Le 20 mai 1989, le meneur de jeu effectue ses débuts en Division 1 contre le FC Nantes de Didier Deschamps et Marcel Desailly, ses futurs coéquipiers en équipe de France, puis étoffe son bagage. De 1989 à 2006, Zidane va enchanter les spectateurs et téléspectateurs sur les terrains verts. Son grand talent l'envoie à Bordeaux où il va grandir sous les ordres de Rolland Courbis. Avec ses potes Christophe Dugarry et Bixente Lizarazu, il emmène les Girondins jusqu'en finale de la Coupe de l'UEFA, la C3, rebaptisée Ligue Europa depuis. En 1995-96, Zidane inscrit notamment un but d'anthologie de quarante mètres du pied gauche face au Betis Séville et participe à l'élimination du grand AC Milan en quarts de finale après un match retour fantastique. Battu 2-0 en Italie, les Bordelais renversent les Lombards au retour (3-0) grâce notamment à deux buts de Dugarry, servi sur deux passes décisives de « Zizou ». Désigné meilleur joueur du Championnat de France, Zidane, qui a réalisé des débuts tonitruants en équipe de France le 17 août 1994 (doublé contre la République tchèque lors de sa première sélection après être entré à la 63eme minute, 2-2 après avoir été mené 2-0), mène les Bleus en demi-finales de l'Euro 1996 et file à la Juventus Turin.

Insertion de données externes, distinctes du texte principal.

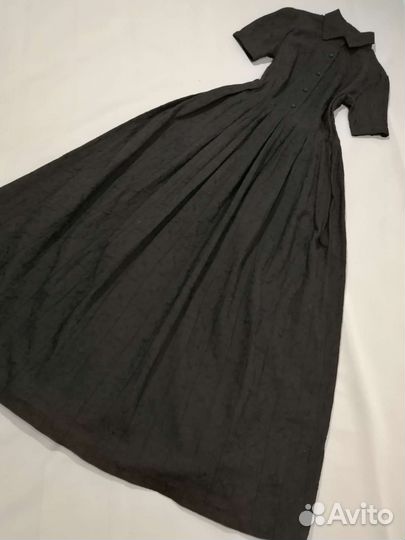 Длинное платье Valentino хлопок прошва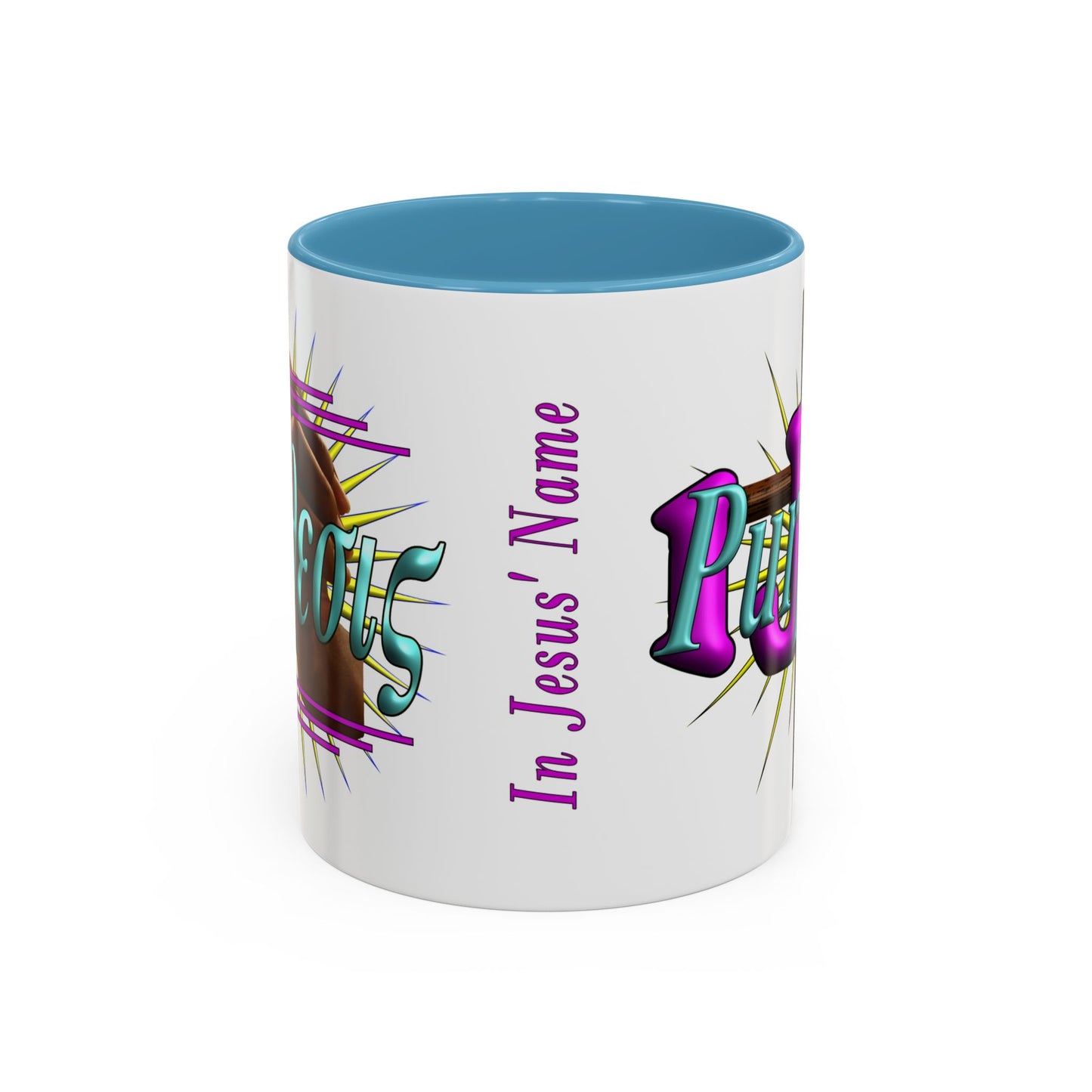 In Jesus Name - Purpose - Accent Coffee Mug, 11oz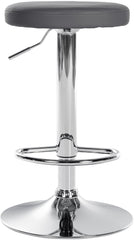 2er Set Barhocker Ponte Kunstleder chrom - grau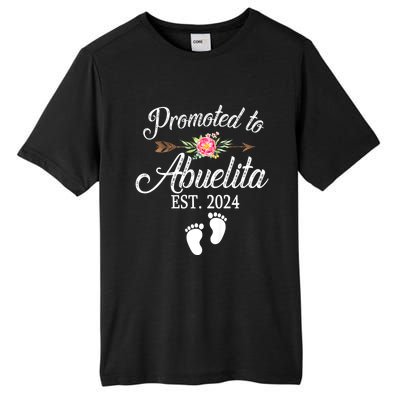 Promoted To Abuelita Grandma Est 2024 Pregnancy Announcement Tall Fusion ChromaSoft Performance T-Shirt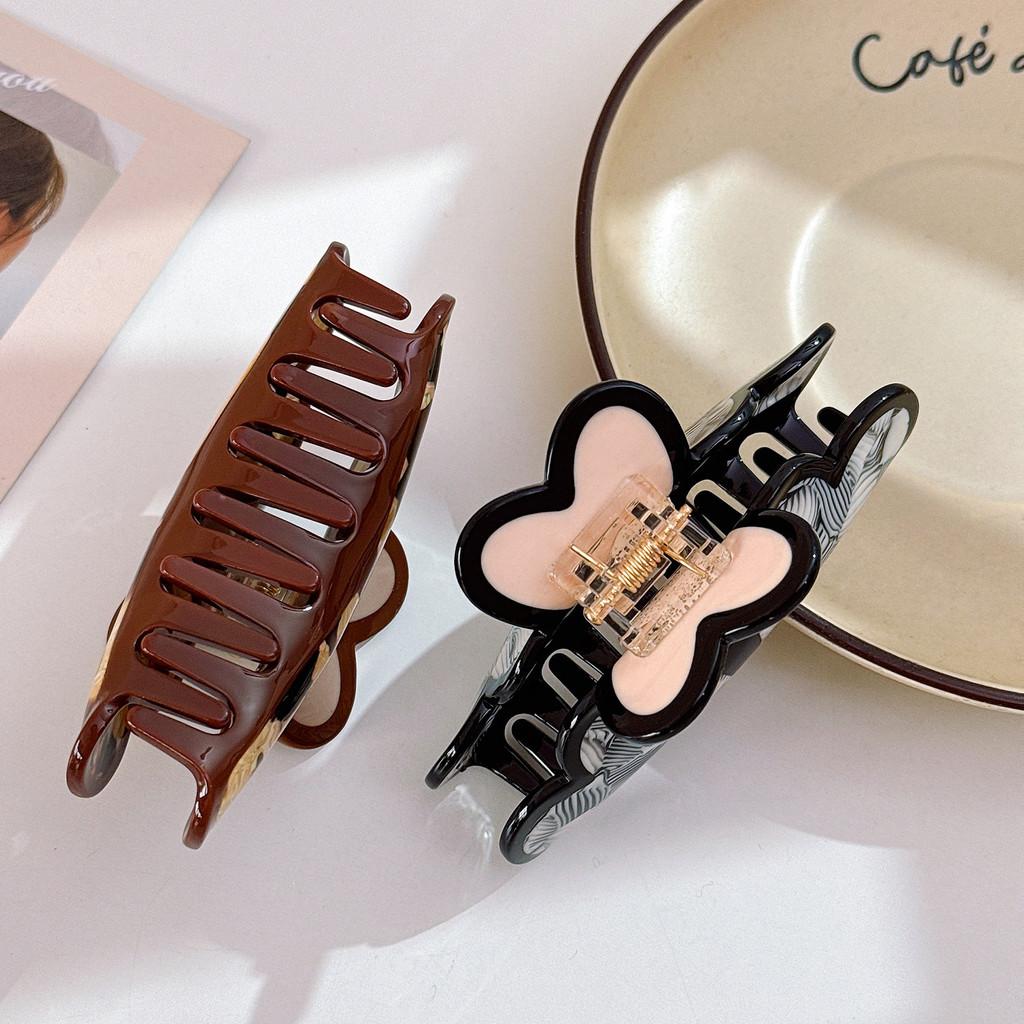 Elegant Retro Heart Hair Claw Clip In Stylish Acetate For Fashionable Women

Progression physique et tactique à la Juventus, plus gros transfert de l'histoire en passant au Real
Après des débuts compliqués, le prodige du ballon rond va sensiblement progresser physiquement ainsi que tactiquement grâce à Marcello Lippi. Au contact d'Antonio Conte, Ciro Ferrara, Paolo Montero, Alessandro Del Piero et Didier Deschamps, son palmarès va gonfler. Durant cinq ans, il enchaîne les actions de classe et les services décisifs pour Del Piero, Christian Vieri, Alen Boksic, Filippo Inzaghi et David Trezeguet. Il remporte deux Championnats (1997, 1998), une Supercoupe d'Europe (1996), une Supercoupe d'Italie (1997) et une Coupe Intercontinentale (1996). Mais échoue deux années de suite en finale de la Ligue des Champions en 97 et 98. Un accroc réparé en 2002 sous le maillot du Real Madrid.Sacré Ballon d'Or France Football en 1998, Zidane ne pouvait en effet qu'atterrir dans le meilleur club au monde, la célèbre équipe au maillot blanc qu'il rallie pour 75 millions d'euros en juillet 2001. Une somme faramineuse à l'époque qui en fait le transfert le plus onéreux de l'histoire.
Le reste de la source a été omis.